### Data records

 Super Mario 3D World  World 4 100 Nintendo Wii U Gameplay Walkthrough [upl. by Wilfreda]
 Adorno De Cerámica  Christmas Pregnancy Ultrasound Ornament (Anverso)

######
### Data records

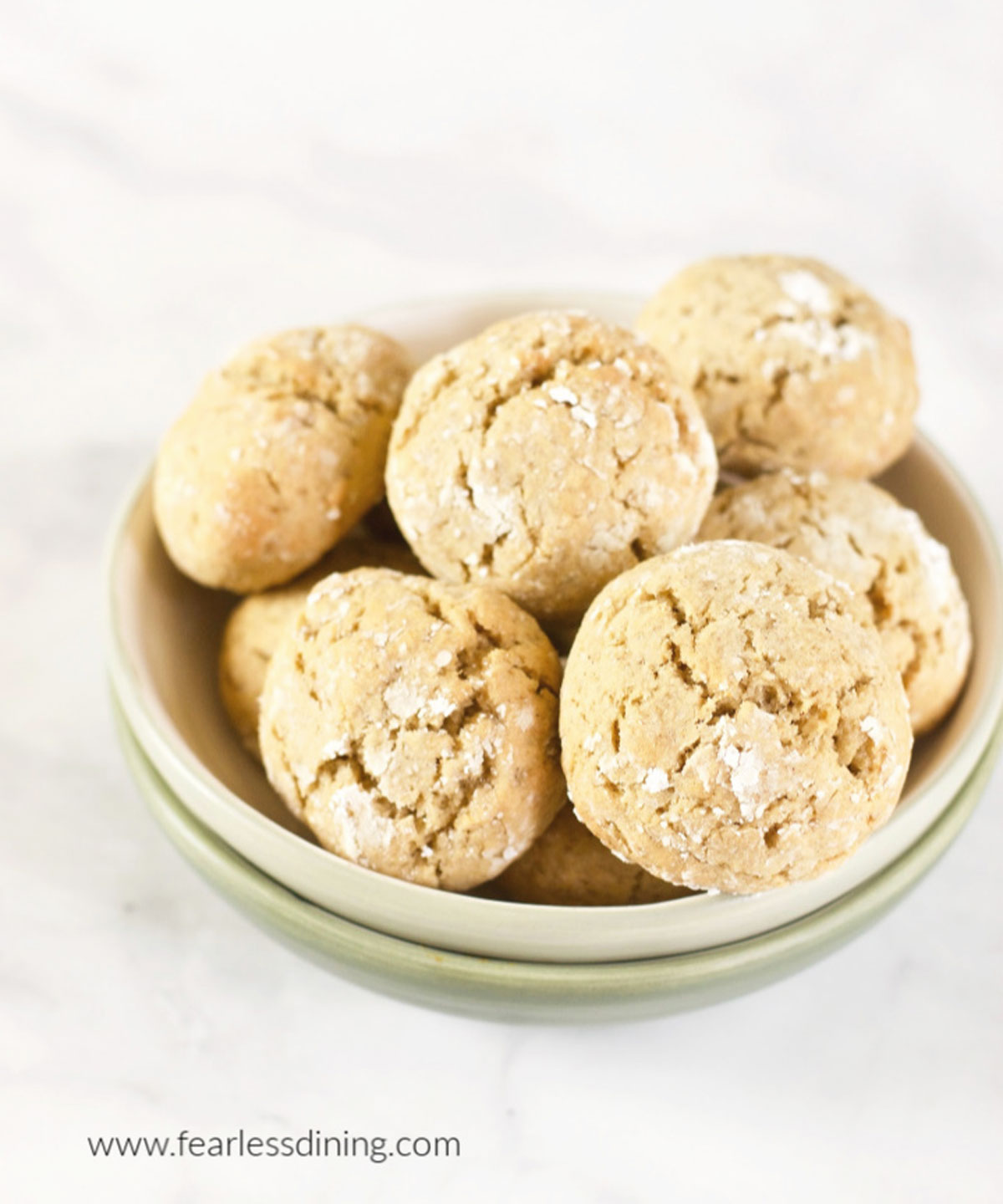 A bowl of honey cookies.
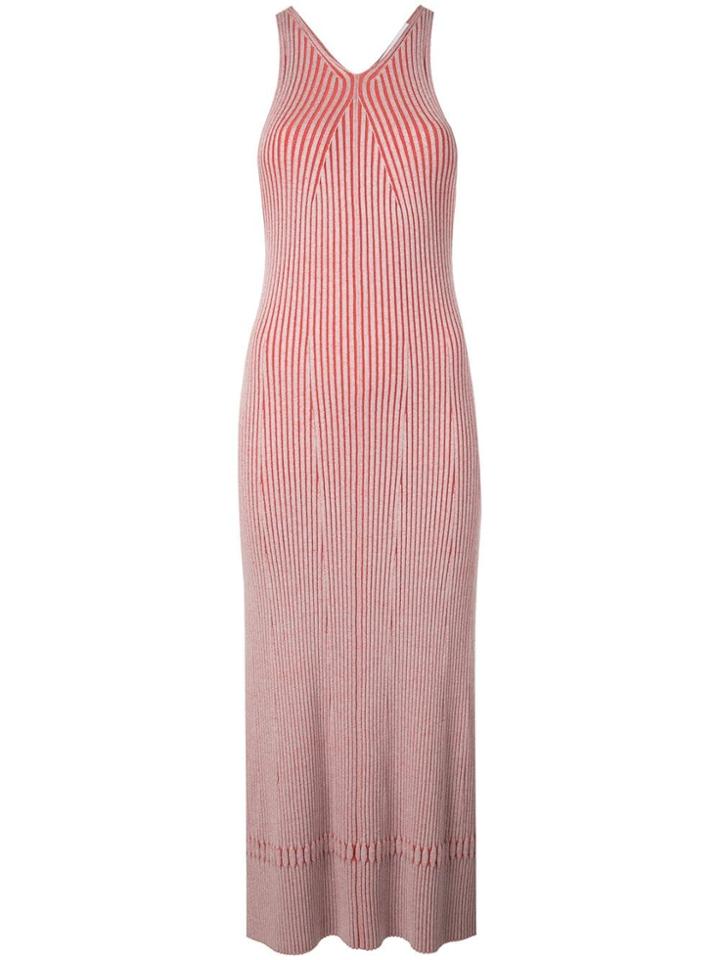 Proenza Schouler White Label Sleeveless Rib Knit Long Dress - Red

######

§ What to do
Taking the entries above, print exactly the lines starting at the line with "Super Mario 3D" and ending at the line with "Adorno De Cerámica", both included.

§ Final answer
 Super Mario 3D World  World 4 100 Nintendo Wii U Gameplay Walkthrough [upl. by Wilfreda]
 Adorno De Cerámica  Christmas Pregnancy Ultrasound Ornament (Anverso)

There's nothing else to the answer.